[Data entries]
"""

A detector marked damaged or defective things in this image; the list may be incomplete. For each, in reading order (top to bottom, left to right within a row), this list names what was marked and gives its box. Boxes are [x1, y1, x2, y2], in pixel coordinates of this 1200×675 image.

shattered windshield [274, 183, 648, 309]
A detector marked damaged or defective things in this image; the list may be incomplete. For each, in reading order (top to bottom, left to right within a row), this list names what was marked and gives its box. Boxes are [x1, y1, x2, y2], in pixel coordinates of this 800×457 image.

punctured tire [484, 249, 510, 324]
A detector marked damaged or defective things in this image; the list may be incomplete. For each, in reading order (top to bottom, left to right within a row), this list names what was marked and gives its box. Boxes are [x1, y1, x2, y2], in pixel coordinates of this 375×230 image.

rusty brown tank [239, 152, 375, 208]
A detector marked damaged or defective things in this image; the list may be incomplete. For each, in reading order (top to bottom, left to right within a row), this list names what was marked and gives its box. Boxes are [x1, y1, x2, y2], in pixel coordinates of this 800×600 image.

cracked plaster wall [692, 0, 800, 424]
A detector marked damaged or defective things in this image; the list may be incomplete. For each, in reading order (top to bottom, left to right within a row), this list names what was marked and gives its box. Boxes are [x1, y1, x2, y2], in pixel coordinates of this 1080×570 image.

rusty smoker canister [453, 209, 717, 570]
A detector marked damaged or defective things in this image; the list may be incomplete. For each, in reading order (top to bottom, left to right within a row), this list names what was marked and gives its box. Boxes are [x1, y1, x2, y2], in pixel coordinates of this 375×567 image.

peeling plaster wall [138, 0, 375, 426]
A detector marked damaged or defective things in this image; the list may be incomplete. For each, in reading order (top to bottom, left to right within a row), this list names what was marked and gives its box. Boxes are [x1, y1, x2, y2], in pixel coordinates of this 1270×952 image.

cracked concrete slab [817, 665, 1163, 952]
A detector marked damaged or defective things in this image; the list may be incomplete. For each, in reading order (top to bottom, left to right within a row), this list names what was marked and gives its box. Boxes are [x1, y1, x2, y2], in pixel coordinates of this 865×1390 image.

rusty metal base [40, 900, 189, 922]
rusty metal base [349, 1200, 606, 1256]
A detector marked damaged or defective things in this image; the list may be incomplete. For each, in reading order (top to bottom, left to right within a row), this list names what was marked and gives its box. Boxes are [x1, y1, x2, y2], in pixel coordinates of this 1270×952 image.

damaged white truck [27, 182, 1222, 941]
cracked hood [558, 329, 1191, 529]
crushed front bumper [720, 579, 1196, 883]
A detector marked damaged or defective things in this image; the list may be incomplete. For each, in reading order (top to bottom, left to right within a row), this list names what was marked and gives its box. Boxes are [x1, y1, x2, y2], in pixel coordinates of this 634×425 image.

"""

## What you need to do
Would you set down all the lines above, exactly and in full?

## Solution to this exercise
A detector marked damaged or defective things in this image; the list may be incomplete. For each, in reading order (top to bottom, left to right within a row), this list names what was marked and gives its box. Boxes are [x1, y1, x2, y2], in pixel coordinates of this 1200×675 image.

shattered windshield [274, 183, 648, 309]
A detector marked damaged or defective things in this image; the list may be incomplete. For each, in reading order (top to bottom, left to right within a row), this list names what was marked and gives its box. Boxes are [x1, y1, x2, y2], in pixel coordinates of this 800×457 image.

punctured tire [484, 249, 510, 324]
A detector marked damaged or defective things in this image; the list may be incomplete. For each, in reading order (top to bottom, left to right within a row), this list names what was marked and gives its box. Boxes are [x1, y1, x2, y2], in pixel coordinates of this 375×230 image.

rusty brown tank [239, 152, 375, 208]
A detector marked damaged or defective things in this image; the list may be incomplete. For each, in reading order (top to bottom, left to right within a row), this list names what was marked and gives its box. Boxes are [x1, y1, x2, y2], in pixel coordinates of this 800×600 image.

cracked plaster wall [692, 0, 800, 424]
A detector marked damaged or defective things in this image; the list may be incomplete. For each, in reading order (top to bottom, left to right within a row), this list names what was marked and gives its box. Boxes are [x1, y1, x2, y2], in pixel coordinates of this 1080×570 image.

rusty smoker canister [453, 209, 717, 570]
A detector marked damaged or defective things in this image; the list may be incomplete. For each, in reading order (top to bottom, left to right within a row), this list names what was marked and gives its box. Boxes are [x1, y1, x2, y2], in pixel coordinates of this 375×567 image.

peeling plaster wall [138, 0, 375, 426]
A detector marked damaged or defective things in this image; the list may be incomplete. For each, in reading order (top to bottom, left to right within a row), this list names what was marked and gives its box. Boxes are [x1, y1, x2, y2], in pixel coordinates of this 1270×952 image.

cracked concrete slab [817, 665, 1163, 952]
A detector marked damaged or defective things in this image; the list may be incomplete. For each, in reading order (top to bottom, left to right within a row), this list names what was marked and gives its box. Boxes are [x1, y1, x2, y2], in pixel coordinates of this 865×1390 image.

rusty metal base [40, 900, 189, 922]
rusty metal base [349, 1200, 606, 1256]
A detector marked damaged or defective things in this image; the list may be incomplete. For each, in reading order (top to bottom, left to right within a row), this list names what was marked and gives its box. Boxes are [x1, y1, x2, y2], in pixel coordinates of this 1270×952 image.

damaged white truck [27, 182, 1222, 941]
cracked hood [558, 329, 1191, 529]
crushed front bumper [720, 579, 1196, 883]
A detector marked damaged or defective things in this image; the list may be incomplete. For each, in reading order (top to bottom, left to right within a row), this list names what was marked and gives its box. Boxes are [x1, y1, x2, y2], in pixel coordinates of this 634×425 image.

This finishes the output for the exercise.